Recommendations for high risk areas

For growers in an area known to have clubroot, the following steps are recommended to reduce the risk of clubroot spread:

—Follow cleaning steps 1-3, or at least 1-2, above. This is especially important when leaving a field known to have clubroot. The more soil you clean from the unit and leave behind in the field, the more you reduce the risk of clubroot being spread.
—Work infested fields last. This reduces the risk of directly transferring contaminated soil from infested to non-infested fields and should have extra time to give drills and tillage equipment a thorough cleaning before being used again.
—Don’t work fields when wet. Wheels caked in mud are that much harder to clean.
—Ensure custom operators and anyone else entering your fields follow sanitation protocols. Don’t feel awkward about asking.
—Be responsible. Growers should tell local authorities and custom operators that clubroot has been discovered in their field. Some municipalities require this by law. In other areas, this is just a common courtesy. Consider posting “Do not enter” signs beside fields known to have clubroot.

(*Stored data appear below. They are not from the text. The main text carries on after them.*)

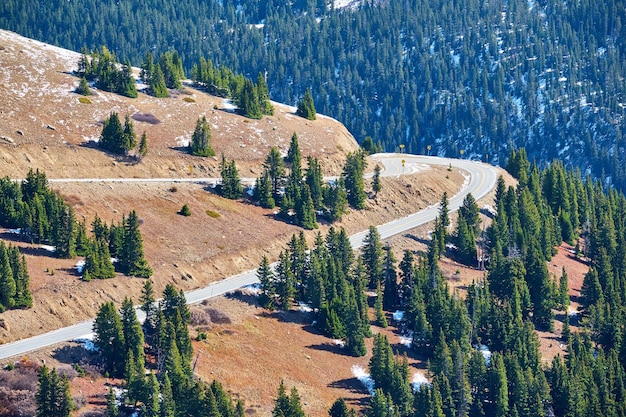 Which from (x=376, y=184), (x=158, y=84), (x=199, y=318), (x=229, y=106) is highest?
(x=158, y=84)

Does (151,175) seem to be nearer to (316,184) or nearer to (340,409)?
(316,184)

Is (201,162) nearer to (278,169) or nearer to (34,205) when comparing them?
(278,169)

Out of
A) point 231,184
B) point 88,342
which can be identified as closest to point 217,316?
point 88,342

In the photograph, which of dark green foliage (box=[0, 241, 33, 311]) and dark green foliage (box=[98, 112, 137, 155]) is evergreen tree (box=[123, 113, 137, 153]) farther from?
dark green foliage (box=[0, 241, 33, 311])

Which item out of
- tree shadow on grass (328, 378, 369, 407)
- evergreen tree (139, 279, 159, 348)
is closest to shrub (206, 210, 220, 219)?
evergreen tree (139, 279, 159, 348)

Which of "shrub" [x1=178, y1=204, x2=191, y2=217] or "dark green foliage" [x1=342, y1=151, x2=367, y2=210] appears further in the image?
"dark green foliage" [x1=342, y1=151, x2=367, y2=210]

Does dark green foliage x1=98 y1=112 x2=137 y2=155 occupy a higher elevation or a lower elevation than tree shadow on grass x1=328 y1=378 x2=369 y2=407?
higher

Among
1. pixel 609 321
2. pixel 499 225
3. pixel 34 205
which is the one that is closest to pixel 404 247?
pixel 499 225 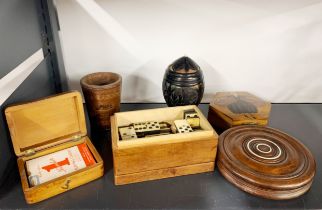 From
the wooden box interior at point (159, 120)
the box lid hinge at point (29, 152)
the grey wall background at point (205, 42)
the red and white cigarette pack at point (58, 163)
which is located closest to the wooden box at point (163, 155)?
the wooden box interior at point (159, 120)

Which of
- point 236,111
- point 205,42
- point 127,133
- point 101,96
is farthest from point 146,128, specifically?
point 205,42

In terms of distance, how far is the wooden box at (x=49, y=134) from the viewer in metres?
0.62

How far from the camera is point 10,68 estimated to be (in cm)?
66

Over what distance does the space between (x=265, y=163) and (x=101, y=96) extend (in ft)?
1.62

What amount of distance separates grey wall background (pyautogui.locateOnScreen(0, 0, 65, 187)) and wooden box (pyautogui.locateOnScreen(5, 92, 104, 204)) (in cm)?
3

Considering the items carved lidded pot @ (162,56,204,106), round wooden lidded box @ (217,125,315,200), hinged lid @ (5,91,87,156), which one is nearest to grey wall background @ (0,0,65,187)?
hinged lid @ (5,91,87,156)

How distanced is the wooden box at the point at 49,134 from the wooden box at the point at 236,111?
0.40m

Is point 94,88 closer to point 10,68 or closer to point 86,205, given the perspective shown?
point 10,68

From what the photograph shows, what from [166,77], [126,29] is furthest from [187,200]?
[126,29]

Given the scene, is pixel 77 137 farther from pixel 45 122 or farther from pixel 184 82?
pixel 184 82

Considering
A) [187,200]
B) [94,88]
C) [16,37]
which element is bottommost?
[187,200]

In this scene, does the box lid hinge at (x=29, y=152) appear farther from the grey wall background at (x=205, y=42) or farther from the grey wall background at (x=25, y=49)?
the grey wall background at (x=205, y=42)

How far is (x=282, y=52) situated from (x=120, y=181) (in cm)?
78

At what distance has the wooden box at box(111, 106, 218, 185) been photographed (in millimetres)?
629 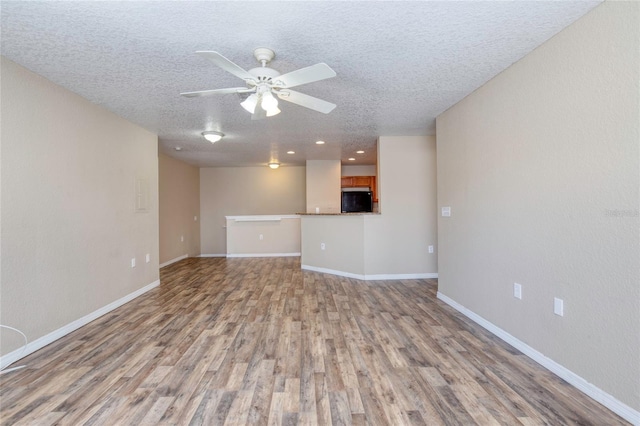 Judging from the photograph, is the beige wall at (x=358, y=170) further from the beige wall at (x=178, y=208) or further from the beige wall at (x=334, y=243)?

Recommendations for low risk areas

For growers in areas where clubroot is not found:

—If in doubt, decontaminate. If using your own equipment and you know clubroot is not on your farm, decontamination may not be required.
—Ask custom operators, oil and gas company surveyors and anyone else entering your fields where they’ve been. Some of them cover wide geographic areas. If they have been in a clubroot-infested area, ask about their sanitation protocols and check that the machinery is clean.
—Make sure used equipment is clean. When buying used equipment, make sure it’s clean before it leaves the auction site or the farm it comes from. Also check that the transport truck is clean. As a precaution, you may want to pressure wash the equipment again when it gets to your farm.